Fragment of Union Jack flown from Lord Nelson’s flagship at the Battle of Trafalgar to go under the hammer
A large fragment of the Union Jack flown from Lord Nelson’s flagship at the Battle of Trafalgar is to go under the hammer for an expected £100,000.
The historic piece was said to been one of two flown from HMS Victory when Lord Horatio Nelson was shot by a French sniper in 1805.
Admiral Nelson had issued orders that all his ships going into battle should not only fly the St George’s Ensign but also a Union Jack from their fore top-gallant stay.
HMS Victory flew two Union flags and a St George’s Ensign, which were returned to England with the ship and the body of Nelson.
These battle ensigns formed part of the ceremonials that marked his state funeral in January 1806.

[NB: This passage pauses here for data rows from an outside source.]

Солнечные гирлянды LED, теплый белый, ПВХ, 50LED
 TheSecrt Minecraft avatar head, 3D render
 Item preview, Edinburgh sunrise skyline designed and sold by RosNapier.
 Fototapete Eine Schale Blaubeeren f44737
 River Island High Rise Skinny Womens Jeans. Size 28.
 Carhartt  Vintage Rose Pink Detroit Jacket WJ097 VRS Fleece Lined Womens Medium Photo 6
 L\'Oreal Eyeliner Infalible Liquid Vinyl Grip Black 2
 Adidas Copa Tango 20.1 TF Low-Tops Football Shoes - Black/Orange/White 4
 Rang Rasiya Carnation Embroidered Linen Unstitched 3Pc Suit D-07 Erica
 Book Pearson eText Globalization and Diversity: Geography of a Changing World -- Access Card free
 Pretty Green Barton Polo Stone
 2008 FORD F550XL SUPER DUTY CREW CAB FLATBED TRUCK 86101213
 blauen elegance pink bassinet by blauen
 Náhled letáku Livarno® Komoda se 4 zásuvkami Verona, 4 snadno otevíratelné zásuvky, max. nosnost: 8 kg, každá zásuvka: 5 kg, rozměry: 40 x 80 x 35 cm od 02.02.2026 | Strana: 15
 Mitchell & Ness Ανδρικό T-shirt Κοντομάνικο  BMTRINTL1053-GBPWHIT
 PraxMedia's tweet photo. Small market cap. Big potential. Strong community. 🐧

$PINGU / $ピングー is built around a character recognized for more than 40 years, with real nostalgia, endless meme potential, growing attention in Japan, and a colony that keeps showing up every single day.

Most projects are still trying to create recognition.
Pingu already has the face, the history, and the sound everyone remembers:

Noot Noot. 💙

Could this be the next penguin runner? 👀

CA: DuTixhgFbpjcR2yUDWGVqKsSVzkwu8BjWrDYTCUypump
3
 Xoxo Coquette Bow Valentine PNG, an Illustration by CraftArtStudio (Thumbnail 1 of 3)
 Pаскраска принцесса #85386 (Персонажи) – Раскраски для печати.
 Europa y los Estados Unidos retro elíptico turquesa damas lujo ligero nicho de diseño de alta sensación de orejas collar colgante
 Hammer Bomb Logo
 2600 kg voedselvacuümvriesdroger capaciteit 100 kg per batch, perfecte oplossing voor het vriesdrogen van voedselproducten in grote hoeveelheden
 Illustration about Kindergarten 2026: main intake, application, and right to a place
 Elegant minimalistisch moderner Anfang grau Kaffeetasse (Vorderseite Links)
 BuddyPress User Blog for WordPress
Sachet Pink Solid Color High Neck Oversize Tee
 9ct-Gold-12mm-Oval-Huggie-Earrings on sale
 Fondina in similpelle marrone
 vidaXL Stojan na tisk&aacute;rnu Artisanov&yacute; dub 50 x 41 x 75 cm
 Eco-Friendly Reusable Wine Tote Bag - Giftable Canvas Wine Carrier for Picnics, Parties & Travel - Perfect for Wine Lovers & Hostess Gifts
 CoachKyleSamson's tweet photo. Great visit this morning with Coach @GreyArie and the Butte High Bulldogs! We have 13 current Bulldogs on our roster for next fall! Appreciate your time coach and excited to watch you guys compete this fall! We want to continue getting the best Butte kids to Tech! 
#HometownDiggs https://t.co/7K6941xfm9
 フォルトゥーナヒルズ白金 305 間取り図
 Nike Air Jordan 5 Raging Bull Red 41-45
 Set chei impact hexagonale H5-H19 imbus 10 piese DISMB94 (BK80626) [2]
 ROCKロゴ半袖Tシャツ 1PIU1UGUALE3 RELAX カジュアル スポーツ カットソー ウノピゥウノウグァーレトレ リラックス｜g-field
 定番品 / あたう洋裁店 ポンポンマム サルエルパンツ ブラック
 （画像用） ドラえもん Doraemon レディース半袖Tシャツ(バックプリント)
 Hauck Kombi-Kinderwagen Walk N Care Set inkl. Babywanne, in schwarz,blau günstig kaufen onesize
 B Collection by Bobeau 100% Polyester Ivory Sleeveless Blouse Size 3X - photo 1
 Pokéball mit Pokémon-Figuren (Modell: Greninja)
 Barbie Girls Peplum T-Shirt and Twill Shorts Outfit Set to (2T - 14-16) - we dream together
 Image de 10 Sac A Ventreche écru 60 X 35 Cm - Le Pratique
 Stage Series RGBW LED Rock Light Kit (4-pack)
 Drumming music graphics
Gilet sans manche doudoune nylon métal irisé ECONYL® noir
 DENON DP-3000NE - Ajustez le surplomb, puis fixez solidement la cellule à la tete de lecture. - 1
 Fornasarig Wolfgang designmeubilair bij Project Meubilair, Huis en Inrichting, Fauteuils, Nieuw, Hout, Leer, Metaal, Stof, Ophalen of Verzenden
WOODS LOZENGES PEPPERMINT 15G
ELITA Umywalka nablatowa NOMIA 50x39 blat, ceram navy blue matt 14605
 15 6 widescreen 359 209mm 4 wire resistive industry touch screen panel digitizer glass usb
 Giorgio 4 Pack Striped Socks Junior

His body lay in state at the Painted Hall at Greenwich for four days before processing upriver in a funeral barge with a flotilla of naval escorts, disembarking at Whitehall Stairs and resting overnight in the Admiralty.
The following day, 9 January, a vast procession followed Nelson’s remains to St Paul’s Cathedral with a funeral cortege including 48 seamen and Marines from HMS Victory, who bore with them the ship’s three battle ensigns.
But at the end of the funeral before folding the flags and placing them on the coffin, those who had served under Nelson had torn off a considerable part of the largest flag to share among them as a memento.
Most of the surviving fragments are smaller in size and have appeared at auction while similar fragments are found at the National Maritime Museum and other collections.
Only two complete Union Jacks used as battle ensigns at Trafalgar survive, one from HMS Minotaur held by the National Maritime Museum and the other from HMS Spartiate sold at auction for £384,000 in 2009.
The 86cm by 92 cm fragment forms part of the bottom-right or top-left quadrant of the Union flag.
It comprises of eight panels of red, white and blue hand-woven woollen bunting, hand-stitched together with a hem turned over enclosing 46cm of twine crudely torn at the edges.
It belonged to “Captain W.H. Dobbie, RN”, presumably William Hugh Dobbie who served in the East Indies Station from 1790 to 1808 and was gifted by him to the Museum of the Royal United Services Institute.
It has an estimate of £80,000 to £100,000 is to be auctioned as part the latest “Of Royal and Noble Descent” sales at Sotheby’s in London on January 17.
It forms part of a group of 79 lots entirely dedicated to Nelson, Trafalgar and the British great maritime tradition.
A number of these objects would have been with Nelson at his final hour are also offered for sale including his grog chest with a cased set of fine decanters from his cabin with an estimate of £35,000 to £45,000.
Other personal items include his engraved glassware, each estimated at £12,000 to 18,000 and a pair of silver sauce tureens emblazoned with his coat of arms with an estimate £30,000 to £50,000.
Love letters Nelson sent to his mistress Lady Hamilton, shedding light on a liaison that scandalised 18th-century England written between 1801 and 1803 are also to go under the hammer
In all, there are 256 royal and aristocratic heirlooms up for sale.
Sotheby’s Senior Specialist in Continental Furniture João Magalhães said: “Four years in the making, our “Of Royal and Noble sale” sales have become an unmissable event for art lovers looking equally for fantastic property with great provenance and whimsical objects with a great story to tell.
“This year, we are delighted to have been entrusted with a collection celebrating Britain’s hero, Nelson, which not only contains fragments of history, such as the Victory Jack, but also treasured items, from paintings and sculpture to porcelain and silver tracked down for their links to Britain’s rich nautical past.
“Highlights in the sale also include table services which belonged to prominent families, important furniture and a replica set of the British Crown jewels.”